During roughly the same period, Maryland also issued a Chesapeake Bay Sport Fishing License for boat owners. The owner of a boat not used for hire could purchase one license covering all guests on board for $25.00. Initially (through at least 1988), the license consisted of two parts. The first was a pair of stickers to be removed from a peelable backing and placed on the right and left sides of the vessel and the second was a separate non pictorial stamp required to be affixed to the sportsman's paper fishing license.
It is believed that Sylvia Tompkins was the first fish and game collector to discover these unusual stamps, in 1986. Sylvia worked at the Pentagon and was especially interested in the stamps from neighboring Maryland. After informing E. L. Vanderford of their existence, he asked if she was willing to trade him one of the vessel stickers the next year. She did so in 1987 and 1988, after which time she was not allowed to purchase the stickers or the stamps as a collector. Each of these years she kept the license stamp for her own collection.
After visiting Sylvia in 1990, I learned of the the Maryland Pleasure Boat Stamps and subsequently was able to obtain examples in future years from a friendly contact in the Department of Natural Resources License Section. By this time the format had changed, with both the self-adhesive license stamp and the stickers being issued se-tenant on the same piece of backing paper. After 1996, the Chesapeake Bay Pleasure Boat License, along with the stickers and stamps, was discontinued.
Massachusetts Archery Stamps
Massachusetts first required sportsmen hunting deer with a bow and arrow to purchase an Archery Deer Hunting stamp in 1960. The stamps were issued in an unusual booklet pane format, consisting of two across and six down. Two panes were stapled between covers to form a booklet.
Although the state kept unused remainders on sale to collectors for many years, these stamps were quite popular and by the time I first contacted them in 1980 – the 1962 and 1966 issues had already sold out. While visiting the Department in the late 1980s, I was introduced to former staff artist Dan Breen. Breen had been allowed to sell his original artwork and still had a few pieces available.

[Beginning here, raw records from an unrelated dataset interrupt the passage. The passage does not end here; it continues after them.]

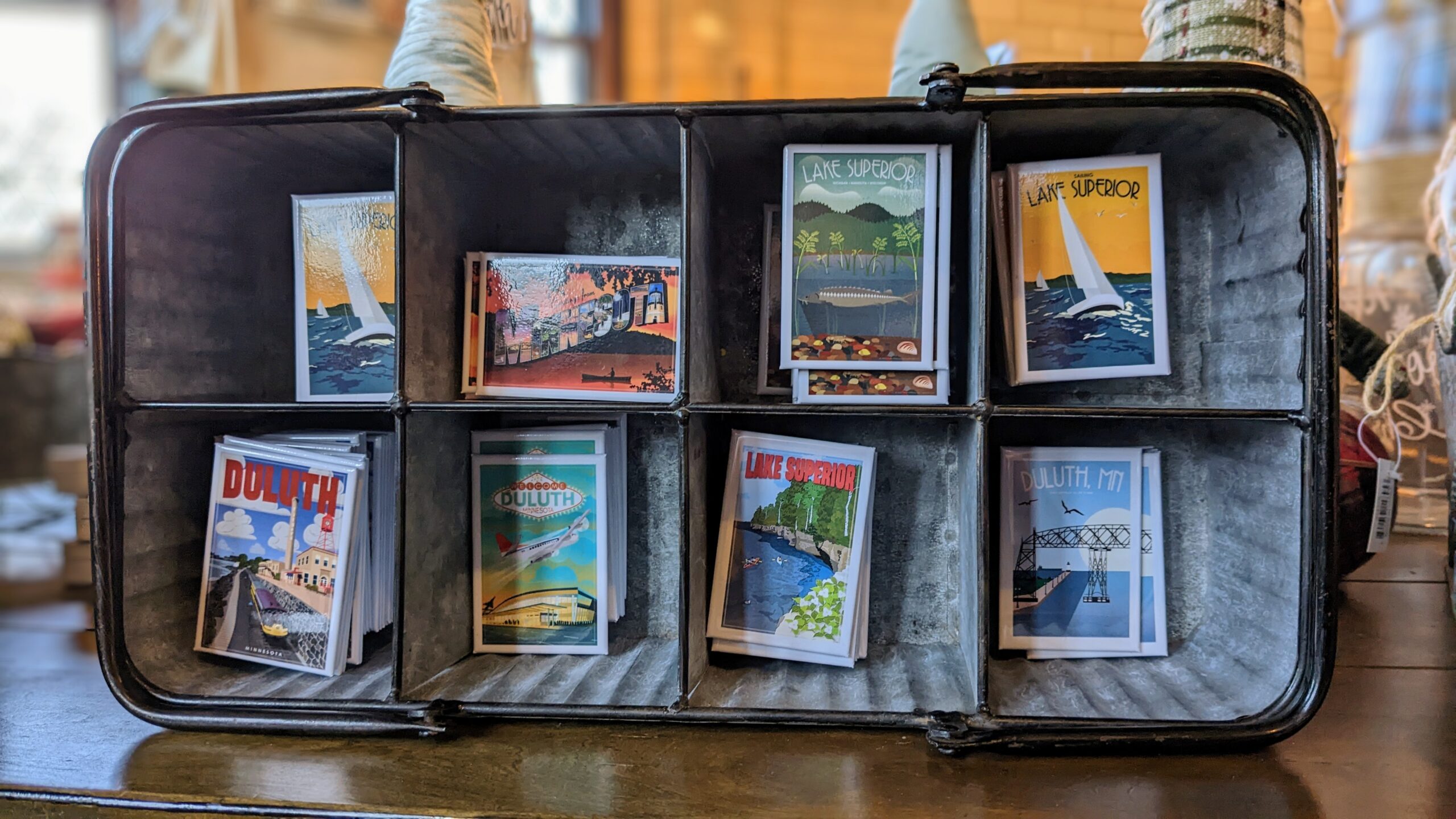 Magnets of various Duluth attractions sit in a metal tin with cubbies on a wooden desk.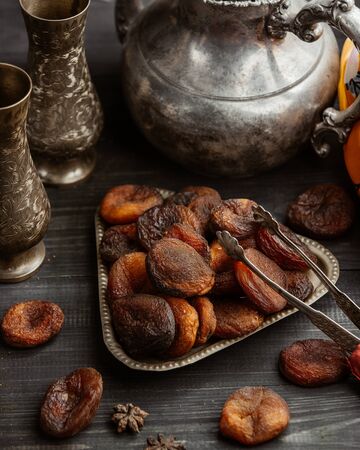 Dried fruit dried peaches in vintage triangle bowl in rustic styleの写真素材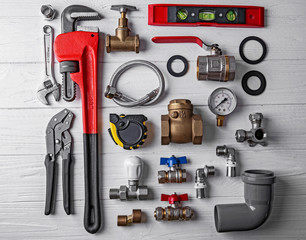 Plumber tools on white wooden background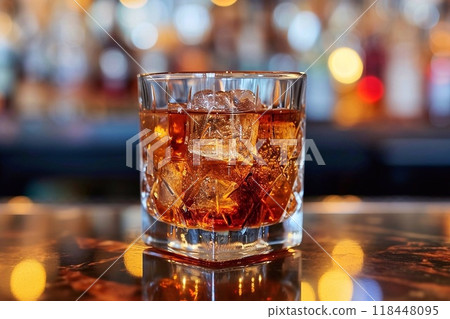 Whiskey on a wooden table with ice  118448095
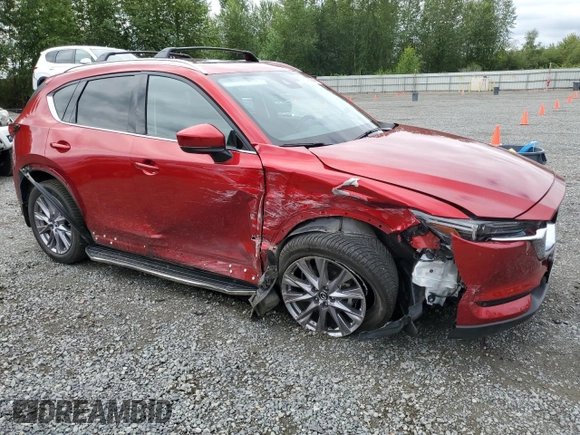 2019 Mazda CX-5 Grand Touring with VIN JM3KFBDM2K0639247, listed as a Copart auction lot 64060045 with 69,563 mi miles and Salvage title. Bid and sale history available at DreamBid. Image 4.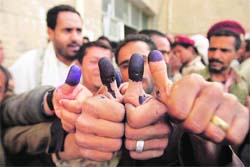 Yemeni men show their inked thumbs after casting their votes in Sanaa. 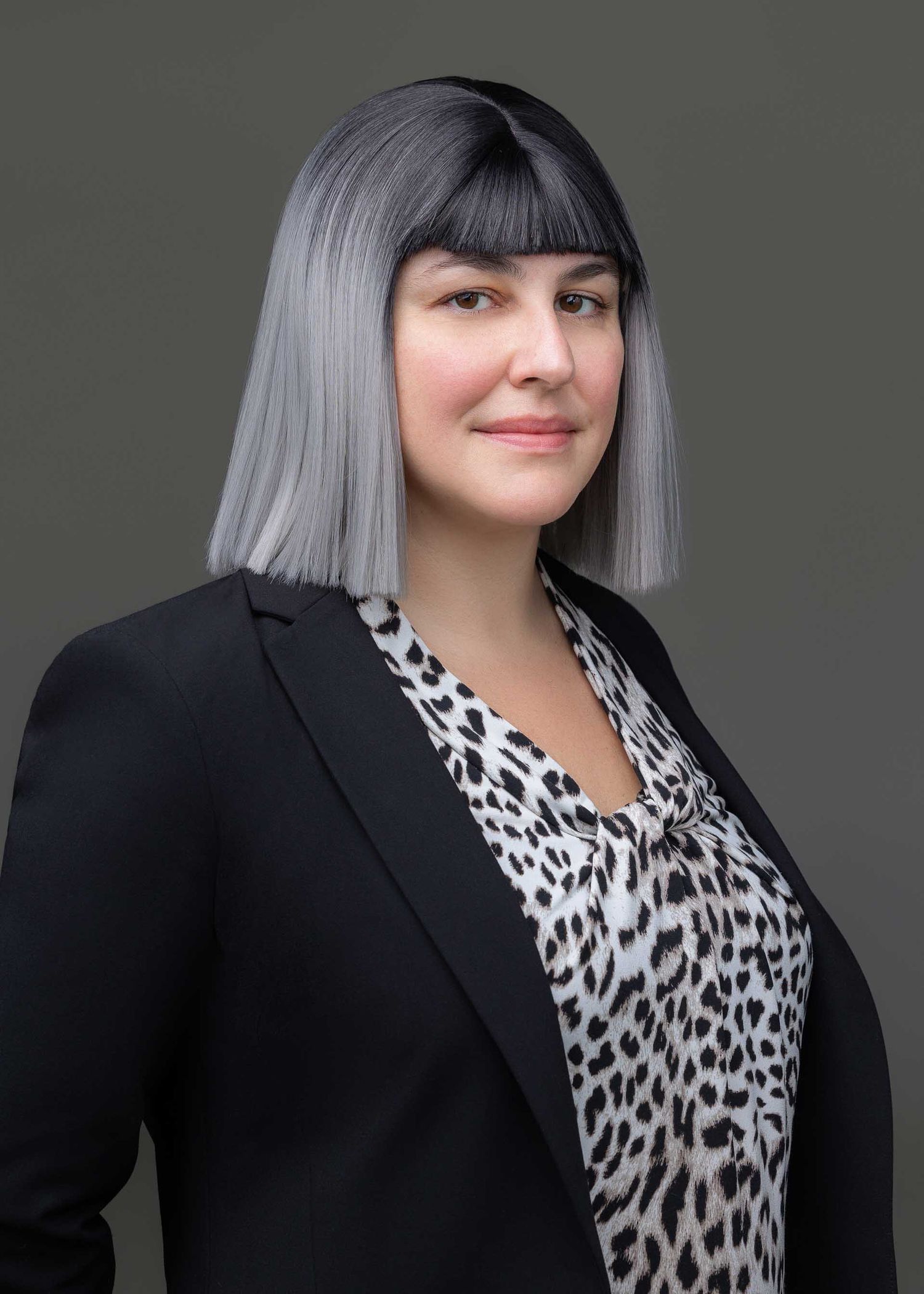 Professional headshot of a gray-haired woman wearing a black blazer against a dark studio background.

For 1968, Breen's original art traces the development of the stamp design. First, the figure of a Native American inside a shield was featured in the center of the design, with a bow and arrows in the background. Then he was asked to keep the Native American motif, but to add an image of a deer.
Breen's first attempt at this included a relatively small deer figure, with it's head turned away – making it rather difficult to determine it was a buck. The accepted design featured a larger deer head, facing the viewer – thus presenting a better balance both artistically and symbolically – between the two compelling motifs. I included a couple of these pieces in my first exhibit.
In 1968, E.L. Vanderford purchased some Archery Deer Stamps from the state and one pair of these was imperforate between. Starting in 1970, the wording on the stamps was changed; "Deer" was removed, leaving only "Archery Season".
In 1972, The State Legislature raised the fee from $1.10 to $5.10. According to Terry Hines, the stamps had already been printed and it was up to the issuing license agents to change the face value manually with a pen.
In 1974, the archery stamps were printed with a face value of $5.25, in error. Again, the issuing agent was required to manually change the fee with a pen. For both 1972 and 1974, uncorrected stamps represent unused remainders.
Starting in 1980, the Massachusetts Archery Deer Stamp was superceded by a Primitive Firearms and Archery Seasons Stamp.
New Mexico Hunting & Fishing Licenses
The Territory of New Mexico began to issue resident hunting licenses in 1909. They were pictorial multi-purpose licenses with no printed fee or species, only blank lines for them to be filled in. The fee was $1.00 for birds and $1.50 for a general license that conveyed the right to hunt for various big and small game.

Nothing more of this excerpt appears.